Growing up, Whitney Phillips wanted to be an architect. “I liked the creation of things from the ground up,” she tells Billboard. “I loved conceptualizing things and building them.”

By the time she started high school, though, Phillips recalls becoming “pretty much obsessed with Mariah Carey” — and as a result, decided to trade in her architectural dreams to pursue music, too. In 2006, right after high school graduation, she left her native Seattle and moved to Los Angeles hoping to break into the industry while majoring in business marketing and communications at Loyola Marymount University. Phillips describes her early days in L.A. as “very Coyote Ugly,” adding, “It takes a while to figure out your best angle to get in.”

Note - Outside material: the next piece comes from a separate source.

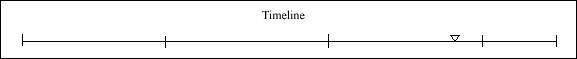 072 Timeline 072 Timeline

While doing just that, she was often invited on stage to sing hooks with fellow musician friends at live shows, but quickly discovered that she “never felt at home on stage” as a performer. “It was more about the things I had to say versus the things I had to show,” she says.

Phillips realized what she really loved about music was the creation process; turns out, songwriting wasn’t a big leap from architecture after all.

“I’m big on concepts, probably leftover from my architect days,” she says. “That’s the foundation of your song, always. I like to know the why and the how of every song. I like to know what the roots are.”

With that re-calibration, Phillips leaned into songwriting and soon enough, in 2012, wrote a piano ballad with Swedish producer Harry Sommerdahl. The following year, she was waiting tables in Malibu when she got the phone call telling her that “Lil Wayne cut a 16 bar verse on [her] song,” she recalls. The Stafford Brothers had produced that ballad into an EDM track called “Hello” that the duo’s label, Cash Money, then placed Wayne and Christina Milian on.

After that track released, Phillips landed a publishing deal with BMG and steadily racked up songwriting credits for superstars like Christina Aguilera and Kylie Minogue. Now, her latest songwriting project “Stuck With U” performed by Ariana Grande and Justin Bieber, scored the songwriter her first No. 1 on the Billboard Hot 100. And though Phillips describes her decade-long career as having “a lot of false starts, it almost feels like it takes 10 years for a fire to start in two seconds.”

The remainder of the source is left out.